Je les ai aperçu. Je les ai repérés. Mes sillons naso-géniens. Deux petites stries très fines, à peine perceptibles. Deux petits sillons à peine effleurés, comme des ruisseaux cachés. Comme des fissures dissimulés au creux de ma peau.
Il y a quelques années, seul le côté gauche de mon visage recélait cette brèche si fine et si délicate. Cette petite ridule qui marque le début du vieillissement cutané. Du vieillissement organique. Mais depuis quelques temps, un autre sillon, du côté opposé, a fait son apparition.

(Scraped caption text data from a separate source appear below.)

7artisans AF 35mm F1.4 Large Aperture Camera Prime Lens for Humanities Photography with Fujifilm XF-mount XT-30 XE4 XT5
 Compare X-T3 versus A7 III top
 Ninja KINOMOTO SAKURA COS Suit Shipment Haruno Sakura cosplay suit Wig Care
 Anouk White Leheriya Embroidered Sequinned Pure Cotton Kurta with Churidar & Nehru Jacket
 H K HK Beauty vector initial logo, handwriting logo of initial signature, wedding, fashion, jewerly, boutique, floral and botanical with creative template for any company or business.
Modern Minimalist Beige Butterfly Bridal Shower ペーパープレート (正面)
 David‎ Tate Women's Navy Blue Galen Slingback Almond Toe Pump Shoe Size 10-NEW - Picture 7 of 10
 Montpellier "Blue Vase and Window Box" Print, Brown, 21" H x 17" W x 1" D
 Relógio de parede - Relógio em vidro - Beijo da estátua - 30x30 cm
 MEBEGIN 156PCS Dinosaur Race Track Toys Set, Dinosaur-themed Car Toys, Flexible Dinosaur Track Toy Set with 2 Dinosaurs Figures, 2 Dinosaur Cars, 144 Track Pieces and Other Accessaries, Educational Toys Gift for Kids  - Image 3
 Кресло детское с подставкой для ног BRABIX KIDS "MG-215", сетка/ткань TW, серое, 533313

Les sillons naso-géniens, on les appelle les rides de l’amertume. Chez moi, elles ne sont qu’esquissés, ces gorges de l’amer. Mais je sais qu’avec le temps. Qu’avec mon temps qui avance, elles vont, se creuser. Je ne peux plus feindre l’enfance. La douceur sans strie d’un visage de petite fille… Je ne peux plus feindre l’extrême jeunesse. Bientôt, je ne pourrai plus. Mes fines lignes, que personne ne peux voir sauf moi, sont là pour me rappeler que je vieillis. C’est quand je souris ou quand j’ouvre grand la bouche pour simuler un cri que l’emplacement exacte de mes ridules se dessine. Puis, quand je fais rentrer mon visage dans l’ordre, ne restent que deux rainures, plus fines encore que la trace laissée par des larmes. Mais quand même, le pli est marqué. L’entaille est ouverte. Le pli est marqué et la peau, ça ne se repasse pas comme une chemise.
Alors ce soir, dans le métro, je regardais le sillon naso-génien de tous les passagers. Et tous, ils avaient l’air maussade. Il avaient l’air : amer.

Ce que je peux être fatiguée de faire semblant, au travail. Ce que je suis lassée de me sentir perpétuellement décalée, en quête d’ailleurs. Ce que je suis fatiguée, oui, que ma chef soit si lunatique. Si généreusement hystérique.
Ses sillons naso-géniens sont très marqués.